Choose a part of your garden that is not a frost pocket, and receives full sun. Make sure the plants have sufficient room around them to develop and grow. A space about four feet square is sufficient.
Plants grown in containers can be planted out any time of the year. However, it is best to do this in January or February, when the plant is dormant as this gives the roots time to establish before the growing season, which starts around early May. (The bell shaped flowers appear first in late March and early April, followed by leafy shoots.)
The ground should be well dug and free from perennial weeds. Dig a hole slightly larger than the container and put a handful or two of peat in the bottom of the hole to give the roots a head start.
Gently spread the outer roots, put the plant in the hole, making sure that the plant is level with the surrounding soil. Fill the hole with soil and firm down with your boot. Water the plant in well.

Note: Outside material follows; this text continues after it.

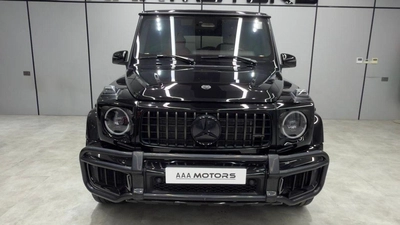 Mercedes Benz G63 AMG 4MATIC SUV-4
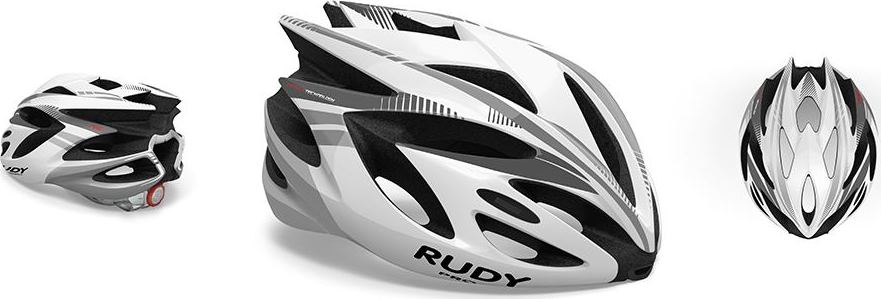 Cyklistická helma RUDY PROJECT Helmet Rush bílá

Water is important to the Blueberry. It must not be allowed to dry out. It requires watering from spring “bud-break” to Autumn leaf fall ! A five-year-old Blueberry plant bearing fruit in mid summer can transpire up to 0.25 pints of water in a day, so make sure the plant is kept moist. Rainwater is perfect because it lacks lime but tap water will do the job.
A mulch of well rotten sawdust, chipped wood bark or pine needles, three to six feet thick around the plant helps to conserve moisture, and keep weeds down.
To help plant growth, a couple of ounces of a fertiliser suitable for Camellias, (10-10-10) applied around the plant in May is all that is needed. Do not put the fertiliser on any earlier, the plant cannot make good use of it until shoots are appearing.
Organic fertilisers do the job as well, a little more will be necessary because nutrient levels are lower in organic fertilisers. It will also have to be applied a month earlier as organic fertiliser takes longer to became active.
Blueberries need regular pruning to maintain plant vigour and high quality berry production. The best time to prune is between January and March when the plant is dormant.
For the first 2-3 years of a blueberry’s life (and they can live to over 50 years!) very little pruning is necessary apart from keeping the plant tidy. After that there are really 4 steps to pruning, to ensure a good supply of new fruit bearing wood (remember, that Blueberries produce fruit on branches that were produced the previous year)
1) Prune out all dead wood.
2) Locate the oldest canes and prune out one of every six canes. This makes sure that the old canes that do not produce fruit well are removed to make way for younger more productive canes.
3) Prune out all low branches which will never be picked and are a source for disease.
4) Remove all twiggy wood, on the ends of fruiting laterals.